Tippett’s lovingly crafted version of his masterpiece deserves its special place

Record and Artist Details

Composer or Director: Michael Tippett

Genre:

Vocal

Label: Naxos

Media Format: CD or Download

Media Runtime: 70

Mastering:

Stereo
DDD

Catalogue Number: 8 557570

Tracks:

Composition Artist Credit
(A) Child of Our Time Michael Tippett, Composer
City of Birmingham Symphony Orchestra
City of Birmingham Symphony Orchestra Chorus
Faye Robinson, Soprano
John Cheek, Bass
Jon Garrison, Tenor
Michael Tippett, Conductor
Michael Tippett, Composer
Sarah Walker, Mezzo soprano
The centenary of Sir Michael Tippett’s birth has seen a fair amount of critical agonising about whether he is, any longer, a composer for our time, or whether the long Indian summer he enjoyed before his death at the age of 93 simply served to conceal the fact that his time had already gone.

It’s difficult to find much substance in that viewpoint when confronted with a work, first performed in 1944, which seems to have more in common with John Adams’s much-admired El Niño of 2000 than with Belshazzar’s Feast, or even with the War Requiem. The starkness of the confrontations in A Child of our Time between politics and psychology, between a high-art style rooted in Bach and a more popular, folk-tinged manner (the tango, Negro Spirituals), remains vivid, as does the sense of a composer doggedly carving out a viably personal idiom while not shirking matters of burning social and spiritual relevance. Maybe the focus wavers in places but the accumulated dramatic power, and its double release, first in a magical vision of spring, then in a more anxious, uncertain cry for peace and reconciliation, is not something that a bumbling amateur could have brought off.

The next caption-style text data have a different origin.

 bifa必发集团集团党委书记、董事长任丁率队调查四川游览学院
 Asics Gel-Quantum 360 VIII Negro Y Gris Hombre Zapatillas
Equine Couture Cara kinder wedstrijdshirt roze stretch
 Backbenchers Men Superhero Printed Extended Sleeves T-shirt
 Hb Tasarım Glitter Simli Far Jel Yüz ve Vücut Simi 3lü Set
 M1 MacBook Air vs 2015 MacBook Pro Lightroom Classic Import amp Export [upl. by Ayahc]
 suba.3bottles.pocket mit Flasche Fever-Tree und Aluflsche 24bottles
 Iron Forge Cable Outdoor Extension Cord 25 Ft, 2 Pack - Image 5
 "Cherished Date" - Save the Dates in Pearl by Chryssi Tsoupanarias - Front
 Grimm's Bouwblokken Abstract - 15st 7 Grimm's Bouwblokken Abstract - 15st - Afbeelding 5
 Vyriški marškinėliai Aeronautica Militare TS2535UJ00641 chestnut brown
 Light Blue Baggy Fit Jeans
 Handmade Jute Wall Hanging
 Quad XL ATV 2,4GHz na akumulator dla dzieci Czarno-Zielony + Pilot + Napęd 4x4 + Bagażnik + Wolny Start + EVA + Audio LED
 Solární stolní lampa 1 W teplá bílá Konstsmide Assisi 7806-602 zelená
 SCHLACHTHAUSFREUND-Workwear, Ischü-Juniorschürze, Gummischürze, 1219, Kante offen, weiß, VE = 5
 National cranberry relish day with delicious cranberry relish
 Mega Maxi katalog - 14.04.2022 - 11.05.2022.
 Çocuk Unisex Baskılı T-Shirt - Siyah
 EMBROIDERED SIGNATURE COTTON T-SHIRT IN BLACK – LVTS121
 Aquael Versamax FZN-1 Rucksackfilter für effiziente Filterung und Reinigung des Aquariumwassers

Tippett was 87 when this recording was made, and neither its rhythmic momentum nor its textural clarity are ideal. The sound balance seems decorously recessed when it needs to be urgently immediate, and there is a general lack of definition, especially in the orchestra. Like others before him, John Cheek sounds overly neutral in the rather laconic bass recitatives, but the soloists together make a strong team, especially in the final ensemble. Other accounts, under Sir John Pritchard, Sir Colin Davis or Richard Hickox, are all safer overall recommendations. But the composer’s own lovingly crafted reading as a special place in the discography of this still-modern masterpiece.